=== PROBLEM STATEMENT ===
Show, from the records below, all lines that contain the word "Shirts".

=== DATA FOR THIS TASK ===
◆ ◆ ◆ ◆
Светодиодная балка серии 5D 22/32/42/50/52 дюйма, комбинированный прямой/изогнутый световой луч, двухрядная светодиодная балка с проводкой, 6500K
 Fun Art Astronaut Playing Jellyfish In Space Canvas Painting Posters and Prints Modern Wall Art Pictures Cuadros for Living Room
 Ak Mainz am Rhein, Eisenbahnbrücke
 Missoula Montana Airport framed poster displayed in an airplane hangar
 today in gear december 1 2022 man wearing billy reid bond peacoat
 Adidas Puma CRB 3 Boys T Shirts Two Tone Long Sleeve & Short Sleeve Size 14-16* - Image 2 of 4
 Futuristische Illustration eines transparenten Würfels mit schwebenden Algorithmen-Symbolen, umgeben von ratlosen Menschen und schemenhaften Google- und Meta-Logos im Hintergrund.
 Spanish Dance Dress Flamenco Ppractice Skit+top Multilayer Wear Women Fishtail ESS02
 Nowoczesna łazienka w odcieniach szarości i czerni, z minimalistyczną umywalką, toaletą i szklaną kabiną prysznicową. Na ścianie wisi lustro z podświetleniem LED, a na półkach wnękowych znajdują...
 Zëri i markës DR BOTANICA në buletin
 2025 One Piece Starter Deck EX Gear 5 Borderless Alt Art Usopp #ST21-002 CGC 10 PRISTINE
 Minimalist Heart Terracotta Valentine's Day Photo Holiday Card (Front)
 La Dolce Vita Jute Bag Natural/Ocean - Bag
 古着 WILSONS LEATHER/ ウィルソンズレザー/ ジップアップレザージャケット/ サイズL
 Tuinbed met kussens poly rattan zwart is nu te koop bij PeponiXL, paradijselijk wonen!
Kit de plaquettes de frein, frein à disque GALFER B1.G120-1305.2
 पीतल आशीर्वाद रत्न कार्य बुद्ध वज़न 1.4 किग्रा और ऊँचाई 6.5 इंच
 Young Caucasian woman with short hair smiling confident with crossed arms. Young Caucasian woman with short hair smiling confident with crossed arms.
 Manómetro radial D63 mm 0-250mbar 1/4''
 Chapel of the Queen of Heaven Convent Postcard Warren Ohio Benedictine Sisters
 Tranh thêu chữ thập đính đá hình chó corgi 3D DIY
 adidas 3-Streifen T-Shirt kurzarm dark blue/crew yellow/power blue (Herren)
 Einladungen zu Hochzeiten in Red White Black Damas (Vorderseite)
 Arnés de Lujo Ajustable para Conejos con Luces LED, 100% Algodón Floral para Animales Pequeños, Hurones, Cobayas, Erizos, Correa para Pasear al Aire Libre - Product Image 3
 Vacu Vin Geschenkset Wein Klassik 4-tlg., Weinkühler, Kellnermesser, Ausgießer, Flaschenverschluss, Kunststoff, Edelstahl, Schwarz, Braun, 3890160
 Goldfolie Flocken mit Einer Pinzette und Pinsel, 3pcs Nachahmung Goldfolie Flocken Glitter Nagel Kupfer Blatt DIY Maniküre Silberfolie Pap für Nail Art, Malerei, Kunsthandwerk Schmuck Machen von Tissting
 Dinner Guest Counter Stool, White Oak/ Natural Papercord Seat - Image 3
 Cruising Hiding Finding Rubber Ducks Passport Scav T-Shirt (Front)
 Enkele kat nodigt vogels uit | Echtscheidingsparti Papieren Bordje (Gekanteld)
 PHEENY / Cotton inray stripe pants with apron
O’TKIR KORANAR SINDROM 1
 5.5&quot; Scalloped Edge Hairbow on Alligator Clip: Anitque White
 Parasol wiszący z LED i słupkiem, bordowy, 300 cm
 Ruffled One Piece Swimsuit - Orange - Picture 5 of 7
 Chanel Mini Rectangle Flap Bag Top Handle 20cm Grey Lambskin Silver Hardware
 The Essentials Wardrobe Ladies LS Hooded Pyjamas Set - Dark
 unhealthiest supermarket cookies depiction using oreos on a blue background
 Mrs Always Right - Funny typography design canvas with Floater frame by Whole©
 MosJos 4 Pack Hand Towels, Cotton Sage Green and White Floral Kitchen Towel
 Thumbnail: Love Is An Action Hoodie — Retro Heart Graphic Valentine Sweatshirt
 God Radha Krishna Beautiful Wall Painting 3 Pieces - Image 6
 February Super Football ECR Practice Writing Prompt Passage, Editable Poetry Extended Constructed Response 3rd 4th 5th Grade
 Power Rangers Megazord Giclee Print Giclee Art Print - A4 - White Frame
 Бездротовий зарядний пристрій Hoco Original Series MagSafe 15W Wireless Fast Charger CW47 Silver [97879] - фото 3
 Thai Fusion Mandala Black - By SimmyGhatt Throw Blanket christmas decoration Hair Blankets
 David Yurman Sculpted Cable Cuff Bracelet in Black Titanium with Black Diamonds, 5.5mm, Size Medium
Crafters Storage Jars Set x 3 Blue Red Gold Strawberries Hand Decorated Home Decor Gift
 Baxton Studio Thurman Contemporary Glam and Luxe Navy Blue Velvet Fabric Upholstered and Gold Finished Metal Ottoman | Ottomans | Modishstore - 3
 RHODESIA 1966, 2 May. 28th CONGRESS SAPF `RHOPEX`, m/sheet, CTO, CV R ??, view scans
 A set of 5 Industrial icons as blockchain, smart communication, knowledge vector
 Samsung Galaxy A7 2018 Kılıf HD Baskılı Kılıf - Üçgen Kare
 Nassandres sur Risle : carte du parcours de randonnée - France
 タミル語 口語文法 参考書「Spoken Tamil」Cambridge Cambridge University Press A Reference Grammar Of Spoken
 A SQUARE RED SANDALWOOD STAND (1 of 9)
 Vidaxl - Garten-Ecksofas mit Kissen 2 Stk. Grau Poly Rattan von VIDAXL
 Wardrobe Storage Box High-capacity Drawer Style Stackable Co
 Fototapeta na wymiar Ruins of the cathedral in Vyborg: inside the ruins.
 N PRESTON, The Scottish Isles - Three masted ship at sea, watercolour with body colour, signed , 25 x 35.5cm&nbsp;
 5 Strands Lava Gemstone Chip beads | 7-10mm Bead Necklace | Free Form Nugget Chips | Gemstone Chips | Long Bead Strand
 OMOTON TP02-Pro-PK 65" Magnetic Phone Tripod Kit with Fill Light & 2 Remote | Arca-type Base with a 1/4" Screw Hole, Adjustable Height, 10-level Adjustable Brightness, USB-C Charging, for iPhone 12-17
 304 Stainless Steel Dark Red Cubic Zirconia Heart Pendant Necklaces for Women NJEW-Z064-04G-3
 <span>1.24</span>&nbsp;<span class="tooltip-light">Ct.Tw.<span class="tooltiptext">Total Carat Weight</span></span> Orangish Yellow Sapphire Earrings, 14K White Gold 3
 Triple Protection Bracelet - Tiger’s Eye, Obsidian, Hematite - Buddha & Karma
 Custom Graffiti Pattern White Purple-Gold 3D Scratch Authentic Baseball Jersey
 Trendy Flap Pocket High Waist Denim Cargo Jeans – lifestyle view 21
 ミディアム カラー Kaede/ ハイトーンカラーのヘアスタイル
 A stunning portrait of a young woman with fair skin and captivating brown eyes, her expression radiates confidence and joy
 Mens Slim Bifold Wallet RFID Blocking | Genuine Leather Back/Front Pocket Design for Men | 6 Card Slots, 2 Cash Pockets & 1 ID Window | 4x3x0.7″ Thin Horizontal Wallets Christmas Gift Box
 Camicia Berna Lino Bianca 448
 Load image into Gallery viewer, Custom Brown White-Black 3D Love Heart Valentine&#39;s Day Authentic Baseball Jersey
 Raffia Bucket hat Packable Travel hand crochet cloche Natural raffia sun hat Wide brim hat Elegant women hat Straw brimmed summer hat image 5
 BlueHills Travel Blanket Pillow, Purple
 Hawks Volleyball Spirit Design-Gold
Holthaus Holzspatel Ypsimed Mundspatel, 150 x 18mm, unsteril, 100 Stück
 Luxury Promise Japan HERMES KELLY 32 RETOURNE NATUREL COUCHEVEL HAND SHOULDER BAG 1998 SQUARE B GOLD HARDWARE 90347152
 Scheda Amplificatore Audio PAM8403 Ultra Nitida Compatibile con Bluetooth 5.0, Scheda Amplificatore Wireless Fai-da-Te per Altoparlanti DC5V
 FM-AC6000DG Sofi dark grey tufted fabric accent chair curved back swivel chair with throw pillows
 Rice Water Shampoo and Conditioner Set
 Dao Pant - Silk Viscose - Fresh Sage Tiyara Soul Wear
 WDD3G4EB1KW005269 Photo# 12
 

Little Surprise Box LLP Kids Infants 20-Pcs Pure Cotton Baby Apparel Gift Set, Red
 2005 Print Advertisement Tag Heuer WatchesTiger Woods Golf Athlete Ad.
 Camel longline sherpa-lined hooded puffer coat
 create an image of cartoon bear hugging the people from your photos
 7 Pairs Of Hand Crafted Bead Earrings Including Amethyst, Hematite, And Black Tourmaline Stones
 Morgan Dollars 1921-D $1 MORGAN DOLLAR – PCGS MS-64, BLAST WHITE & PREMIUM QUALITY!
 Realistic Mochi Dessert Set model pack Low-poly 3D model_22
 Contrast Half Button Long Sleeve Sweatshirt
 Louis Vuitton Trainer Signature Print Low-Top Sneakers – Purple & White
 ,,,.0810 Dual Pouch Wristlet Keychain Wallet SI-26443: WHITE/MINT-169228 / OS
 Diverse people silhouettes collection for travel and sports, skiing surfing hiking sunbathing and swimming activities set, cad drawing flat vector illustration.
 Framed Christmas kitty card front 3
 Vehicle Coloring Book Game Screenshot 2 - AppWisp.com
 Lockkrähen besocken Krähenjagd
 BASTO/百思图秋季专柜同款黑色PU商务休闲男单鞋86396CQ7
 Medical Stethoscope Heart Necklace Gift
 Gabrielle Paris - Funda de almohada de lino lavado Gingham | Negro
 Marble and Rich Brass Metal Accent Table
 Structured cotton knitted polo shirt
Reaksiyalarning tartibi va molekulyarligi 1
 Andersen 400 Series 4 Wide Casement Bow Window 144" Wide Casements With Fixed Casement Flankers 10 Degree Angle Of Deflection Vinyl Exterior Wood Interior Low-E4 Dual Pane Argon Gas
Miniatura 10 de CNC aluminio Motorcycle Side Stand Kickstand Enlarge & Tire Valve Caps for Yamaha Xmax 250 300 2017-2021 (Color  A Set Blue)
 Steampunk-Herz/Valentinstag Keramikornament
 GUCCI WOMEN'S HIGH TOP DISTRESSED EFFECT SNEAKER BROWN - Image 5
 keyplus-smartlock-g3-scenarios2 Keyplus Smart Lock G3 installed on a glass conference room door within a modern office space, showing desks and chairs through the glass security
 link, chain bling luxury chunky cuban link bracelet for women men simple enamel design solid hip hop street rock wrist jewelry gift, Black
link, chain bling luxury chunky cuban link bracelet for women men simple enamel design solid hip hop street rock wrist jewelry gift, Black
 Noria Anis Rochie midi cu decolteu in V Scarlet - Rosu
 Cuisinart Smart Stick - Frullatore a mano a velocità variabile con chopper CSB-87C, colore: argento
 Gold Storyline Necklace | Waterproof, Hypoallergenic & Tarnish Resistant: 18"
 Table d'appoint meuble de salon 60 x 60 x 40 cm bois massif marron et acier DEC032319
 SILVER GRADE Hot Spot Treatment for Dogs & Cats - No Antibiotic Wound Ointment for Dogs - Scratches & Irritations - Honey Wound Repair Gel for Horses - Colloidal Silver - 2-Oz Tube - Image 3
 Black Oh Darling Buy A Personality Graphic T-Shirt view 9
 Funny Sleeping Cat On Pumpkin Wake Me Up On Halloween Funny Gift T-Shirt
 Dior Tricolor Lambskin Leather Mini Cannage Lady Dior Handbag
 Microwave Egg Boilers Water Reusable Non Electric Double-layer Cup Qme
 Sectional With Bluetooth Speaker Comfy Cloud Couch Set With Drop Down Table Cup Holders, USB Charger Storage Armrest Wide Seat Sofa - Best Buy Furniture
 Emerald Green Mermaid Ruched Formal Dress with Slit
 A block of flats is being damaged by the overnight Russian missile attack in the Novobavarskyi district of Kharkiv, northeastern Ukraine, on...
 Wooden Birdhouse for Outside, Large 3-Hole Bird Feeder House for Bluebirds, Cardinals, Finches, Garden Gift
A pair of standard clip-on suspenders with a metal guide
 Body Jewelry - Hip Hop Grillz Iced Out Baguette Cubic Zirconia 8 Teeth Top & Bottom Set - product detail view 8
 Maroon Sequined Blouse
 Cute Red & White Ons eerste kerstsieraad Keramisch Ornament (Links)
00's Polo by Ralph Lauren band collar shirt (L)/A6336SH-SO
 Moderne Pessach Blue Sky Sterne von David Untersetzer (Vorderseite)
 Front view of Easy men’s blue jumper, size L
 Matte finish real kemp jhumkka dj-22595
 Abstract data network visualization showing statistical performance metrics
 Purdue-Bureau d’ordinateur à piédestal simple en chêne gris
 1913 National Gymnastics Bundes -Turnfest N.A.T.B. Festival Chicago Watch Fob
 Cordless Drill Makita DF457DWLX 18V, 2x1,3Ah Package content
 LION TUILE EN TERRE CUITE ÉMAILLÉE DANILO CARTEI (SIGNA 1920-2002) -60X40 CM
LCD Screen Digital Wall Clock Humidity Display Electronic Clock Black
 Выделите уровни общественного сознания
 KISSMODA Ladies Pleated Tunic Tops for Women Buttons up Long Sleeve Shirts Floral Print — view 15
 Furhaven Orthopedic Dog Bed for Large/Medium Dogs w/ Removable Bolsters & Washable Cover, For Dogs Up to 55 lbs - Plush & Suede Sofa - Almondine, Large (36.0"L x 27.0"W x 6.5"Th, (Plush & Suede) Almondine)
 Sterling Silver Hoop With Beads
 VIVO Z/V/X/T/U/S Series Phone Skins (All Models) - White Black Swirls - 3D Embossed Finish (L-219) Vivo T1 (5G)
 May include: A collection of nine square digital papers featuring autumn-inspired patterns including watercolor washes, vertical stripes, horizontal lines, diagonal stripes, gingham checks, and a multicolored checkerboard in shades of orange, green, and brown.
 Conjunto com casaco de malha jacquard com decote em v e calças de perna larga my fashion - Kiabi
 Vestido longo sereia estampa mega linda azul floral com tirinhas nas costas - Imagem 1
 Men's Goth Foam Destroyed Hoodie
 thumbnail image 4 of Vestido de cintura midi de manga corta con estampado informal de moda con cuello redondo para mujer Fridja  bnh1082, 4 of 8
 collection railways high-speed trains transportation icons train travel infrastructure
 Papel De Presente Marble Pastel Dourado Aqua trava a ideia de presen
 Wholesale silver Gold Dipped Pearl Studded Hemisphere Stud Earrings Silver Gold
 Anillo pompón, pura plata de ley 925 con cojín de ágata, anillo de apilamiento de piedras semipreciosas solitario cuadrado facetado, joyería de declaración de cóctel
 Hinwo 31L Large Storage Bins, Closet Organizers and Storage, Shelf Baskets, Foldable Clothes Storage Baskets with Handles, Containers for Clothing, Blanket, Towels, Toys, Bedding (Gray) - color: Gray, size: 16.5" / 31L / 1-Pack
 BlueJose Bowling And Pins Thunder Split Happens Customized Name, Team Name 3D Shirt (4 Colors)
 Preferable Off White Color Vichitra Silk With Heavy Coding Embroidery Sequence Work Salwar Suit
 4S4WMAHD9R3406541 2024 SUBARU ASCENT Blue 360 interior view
◆ ◆ ◆ ◆
=== EXERCISE SOLUTION ===
 Adidas Puma CRB 3 Boys T Shirts Two Tone Long Sleeve & Short Sleeve Size 14-16* - Image 2 of 4
 KISSMODA Ladies Pleated Tunic Tops for Women Buttons up Long Sleeve Shirts Floral Print — view 15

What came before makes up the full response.